This MAC accelerator operates at up to 50 MHz and is capable of reaching up to 100 MMAC/s or 200 MIOPS/s.
Documentation on using this accelerator can be found : here
This accelerator was designed for the GF180nm node using the gf180mcuD PDK. It occupies 1,127.83 µm² of die area and has a target typical operating voltage of 3.3V at 25°C.
This design features two clock trees, one for the MAC and another for the JTAG TAP. The MAC clock targets a 50 MHz operating frequency, and the JTAG 2 MHz.
There are currently no known manufacturability issues.
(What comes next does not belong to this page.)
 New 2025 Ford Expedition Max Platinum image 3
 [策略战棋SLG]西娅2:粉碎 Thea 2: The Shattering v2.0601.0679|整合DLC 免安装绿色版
Current status: Taped-in, in fabrication, part of the tiny-tapeout gf-0p2 shuttle.
This design features 4 MAC units performing a fused multiply-accumulat operation (FMA) on 8-bit signed integers.
This entire operation is computed in a single cycle at 50 MHz and a single rounding operation to fit into the 8-bit signed integer range is performed on the final operation's results.
The 50 MHz speed was chosen according to the maximum estimated reliable IO switching frequency. Going above this would not have resulted in any additional speedup given the IO data transfer and on-chip storage bottlenecks.
Each unit implements a Booth radix-4 multiplier. This multiplier design was chosen for its low logic depth and reasonable area cost. Additionally, since we are performing a signed multiplication, we can remove a level in the Wallace tree we are using for the partial product additions given we only have 4 partial products, unlike the 5 needed for unsigned operations.
This design stores a single 8-bit signed weight internally per MAC unit. The remainder of the input data must be circulated through the input parallel port on every use, making IO this design's biggest bottleneck for this first generation.
This tradeoff was made because weights exhibit higher temporal and spatial locality than input data. In typical usage, each MAC unit will reuse the same weight value multiple times across different computations, and these weights often remain constant across multiple input matrices.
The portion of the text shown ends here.